**Exercise brief:**
Search the records for the word "Fork". Copy every line where it appears.

**Source material:**
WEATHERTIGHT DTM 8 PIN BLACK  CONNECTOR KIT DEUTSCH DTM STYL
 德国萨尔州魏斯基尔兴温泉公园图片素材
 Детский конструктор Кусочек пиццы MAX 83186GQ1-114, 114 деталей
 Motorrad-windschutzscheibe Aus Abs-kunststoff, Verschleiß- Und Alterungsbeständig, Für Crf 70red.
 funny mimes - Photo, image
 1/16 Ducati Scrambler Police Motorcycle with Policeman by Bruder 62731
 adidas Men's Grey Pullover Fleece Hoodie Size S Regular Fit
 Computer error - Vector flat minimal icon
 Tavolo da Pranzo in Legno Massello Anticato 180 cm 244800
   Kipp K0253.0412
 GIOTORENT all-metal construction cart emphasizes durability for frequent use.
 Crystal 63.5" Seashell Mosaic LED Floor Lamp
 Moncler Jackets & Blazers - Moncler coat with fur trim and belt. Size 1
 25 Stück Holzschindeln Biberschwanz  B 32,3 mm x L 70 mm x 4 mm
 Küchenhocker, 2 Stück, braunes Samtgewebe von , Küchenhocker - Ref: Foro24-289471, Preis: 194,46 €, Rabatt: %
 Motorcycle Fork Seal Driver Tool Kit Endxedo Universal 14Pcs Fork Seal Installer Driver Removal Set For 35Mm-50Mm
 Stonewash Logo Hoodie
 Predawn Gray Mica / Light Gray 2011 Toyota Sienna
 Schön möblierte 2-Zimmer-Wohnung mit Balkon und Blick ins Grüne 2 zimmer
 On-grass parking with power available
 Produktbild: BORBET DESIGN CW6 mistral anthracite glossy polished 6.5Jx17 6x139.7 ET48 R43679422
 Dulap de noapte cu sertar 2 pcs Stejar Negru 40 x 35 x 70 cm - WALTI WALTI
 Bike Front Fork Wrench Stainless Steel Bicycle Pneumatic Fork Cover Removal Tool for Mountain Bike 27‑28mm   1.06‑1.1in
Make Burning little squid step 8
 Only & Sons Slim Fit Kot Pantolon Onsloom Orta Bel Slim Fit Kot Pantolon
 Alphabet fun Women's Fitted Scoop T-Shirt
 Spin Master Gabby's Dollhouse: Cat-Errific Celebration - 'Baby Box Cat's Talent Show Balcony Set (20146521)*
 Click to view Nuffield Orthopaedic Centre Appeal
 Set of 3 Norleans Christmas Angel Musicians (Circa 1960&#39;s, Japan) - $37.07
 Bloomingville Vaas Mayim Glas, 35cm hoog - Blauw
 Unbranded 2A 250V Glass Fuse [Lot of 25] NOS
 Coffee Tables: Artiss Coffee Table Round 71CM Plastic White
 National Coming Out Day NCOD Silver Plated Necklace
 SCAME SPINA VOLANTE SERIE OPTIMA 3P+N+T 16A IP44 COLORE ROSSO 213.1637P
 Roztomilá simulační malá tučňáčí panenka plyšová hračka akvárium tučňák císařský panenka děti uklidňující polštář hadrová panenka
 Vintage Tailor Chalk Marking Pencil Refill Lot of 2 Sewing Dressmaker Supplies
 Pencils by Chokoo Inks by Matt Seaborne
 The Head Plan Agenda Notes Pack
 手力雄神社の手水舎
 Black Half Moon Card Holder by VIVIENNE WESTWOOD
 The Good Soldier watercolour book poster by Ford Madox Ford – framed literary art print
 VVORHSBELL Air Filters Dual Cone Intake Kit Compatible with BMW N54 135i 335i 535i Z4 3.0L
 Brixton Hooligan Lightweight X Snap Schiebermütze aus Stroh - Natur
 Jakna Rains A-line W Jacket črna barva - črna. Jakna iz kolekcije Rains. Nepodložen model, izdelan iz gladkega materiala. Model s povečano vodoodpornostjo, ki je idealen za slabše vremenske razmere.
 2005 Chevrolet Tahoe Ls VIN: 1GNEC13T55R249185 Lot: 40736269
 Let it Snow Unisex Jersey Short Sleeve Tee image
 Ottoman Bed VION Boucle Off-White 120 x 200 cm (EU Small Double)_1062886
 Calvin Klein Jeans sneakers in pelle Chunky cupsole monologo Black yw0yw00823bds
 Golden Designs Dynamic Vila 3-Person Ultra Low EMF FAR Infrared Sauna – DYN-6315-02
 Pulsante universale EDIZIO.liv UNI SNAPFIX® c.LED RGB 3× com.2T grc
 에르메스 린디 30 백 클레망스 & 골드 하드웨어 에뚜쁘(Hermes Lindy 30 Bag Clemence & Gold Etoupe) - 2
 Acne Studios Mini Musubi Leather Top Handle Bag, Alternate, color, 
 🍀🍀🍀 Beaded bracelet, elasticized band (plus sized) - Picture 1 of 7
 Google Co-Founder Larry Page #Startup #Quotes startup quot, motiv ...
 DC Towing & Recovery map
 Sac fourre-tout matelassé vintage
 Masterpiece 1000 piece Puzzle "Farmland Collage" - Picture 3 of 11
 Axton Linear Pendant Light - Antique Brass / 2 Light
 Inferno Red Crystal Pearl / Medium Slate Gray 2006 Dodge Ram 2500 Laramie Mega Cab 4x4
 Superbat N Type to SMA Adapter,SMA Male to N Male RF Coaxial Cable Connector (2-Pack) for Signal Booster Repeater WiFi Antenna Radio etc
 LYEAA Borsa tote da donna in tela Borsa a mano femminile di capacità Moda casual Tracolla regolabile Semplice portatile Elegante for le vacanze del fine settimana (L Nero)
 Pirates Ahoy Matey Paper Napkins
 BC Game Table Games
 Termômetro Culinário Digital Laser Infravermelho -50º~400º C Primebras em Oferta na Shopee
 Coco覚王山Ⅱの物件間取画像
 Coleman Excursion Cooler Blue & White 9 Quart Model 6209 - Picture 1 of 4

**Solved problem:**
 Motorcycle Fork Seal Driver Tool Kit Endxedo Universal 14Pcs Fork Seal Installer Driver Removal Set For 35Mm-50Mm
 Bike Front Fork Wrench Stainless Steel Bicycle Pneumatic Fork Cover Removal Tool for Mountain Bike 27‑28mm   1.06‑1.1in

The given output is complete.